### Exercise goal:
Every line below is to be given again precisely; images are to be left out.

### Available records:
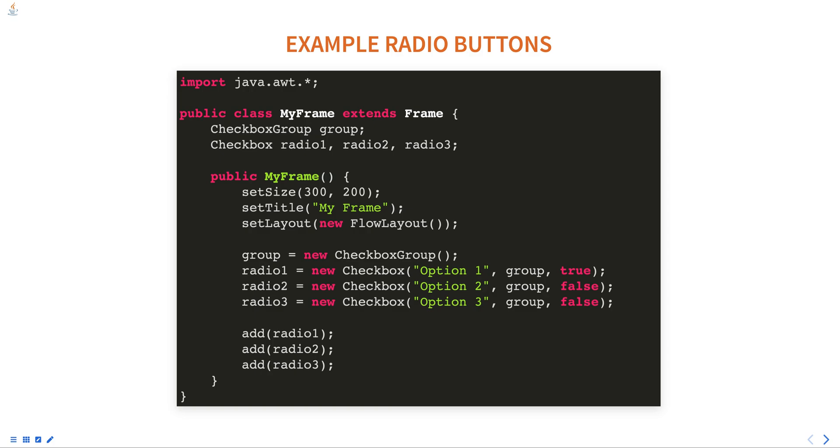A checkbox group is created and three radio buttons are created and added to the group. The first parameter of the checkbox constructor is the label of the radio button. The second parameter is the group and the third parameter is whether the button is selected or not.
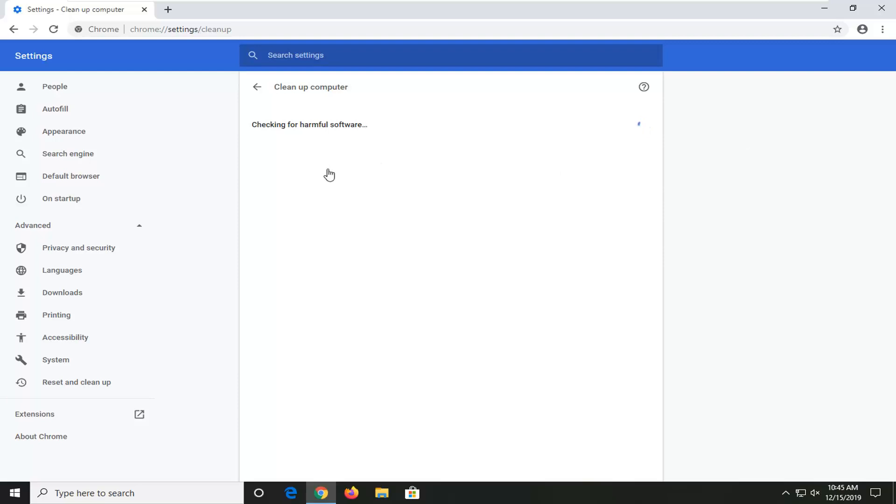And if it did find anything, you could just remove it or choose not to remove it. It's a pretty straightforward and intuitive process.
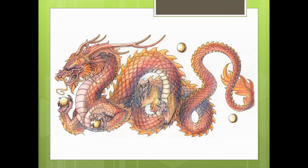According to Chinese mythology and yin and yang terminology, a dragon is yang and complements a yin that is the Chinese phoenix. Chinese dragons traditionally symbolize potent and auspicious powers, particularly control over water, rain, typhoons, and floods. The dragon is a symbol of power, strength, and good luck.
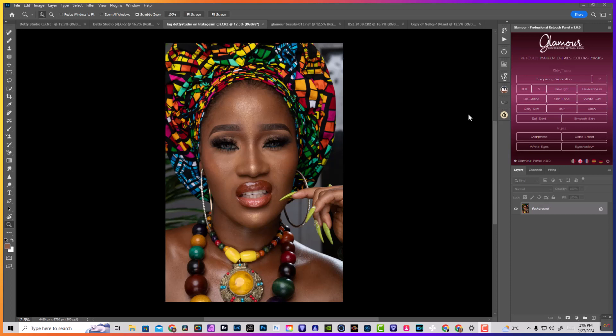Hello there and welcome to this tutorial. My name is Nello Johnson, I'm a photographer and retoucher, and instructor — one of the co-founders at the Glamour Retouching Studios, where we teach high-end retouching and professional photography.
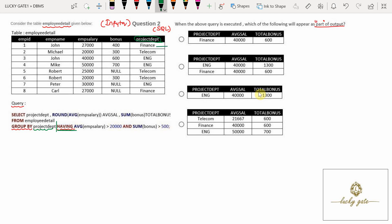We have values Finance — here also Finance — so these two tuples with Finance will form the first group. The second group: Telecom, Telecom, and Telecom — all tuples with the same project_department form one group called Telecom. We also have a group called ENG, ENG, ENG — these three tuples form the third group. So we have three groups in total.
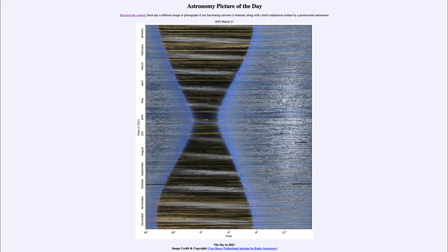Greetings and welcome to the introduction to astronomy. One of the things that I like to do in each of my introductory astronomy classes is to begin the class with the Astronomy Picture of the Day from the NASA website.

### Answer space:
A checkbox group is created and three radio buttons are created and added to the group. The first parameter of the checkbox constructor is the label of the radio button. The second parameter is the group and the third parameter is whether the button is selected or not.
And if it did find anything, you could just remove it or choose not to remove it. It's a pretty straightforward and intuitive process.
According to Chinese mythology and yin and yang terminology, a dragon is yang and complements a yin that is the Chinese phoenix. Chinese dragons traditionally symbolize potent and auspicious powers, particularly control over water, rain, typhoons, and floods. The dragon is a symbol of power, strength, and good luck.
Hello there and welcome to this tutorial. My name is Nello Johnson, I'm a photographer and retoucher, and instructor — one of the co-founders at the Glamour Retouching Studios, where we teach high-end retouching and professional photography.
We have values Finance — here also Finance — so these two tuples with Finance will form the first group. The second group: Telecom, Telecom, and Telecom — all tuples with the same project_department form one group called Telecom. We also have a group called ENG, ENG, ENG — these three tuples form the third group. So we have three groups in total.
Greetings and welcome to the introduction to astronomy. One of the things that I like to do in each of my introductory astronomy classes is to begin the class with the Astronomy Picture of the Day from the NASA website.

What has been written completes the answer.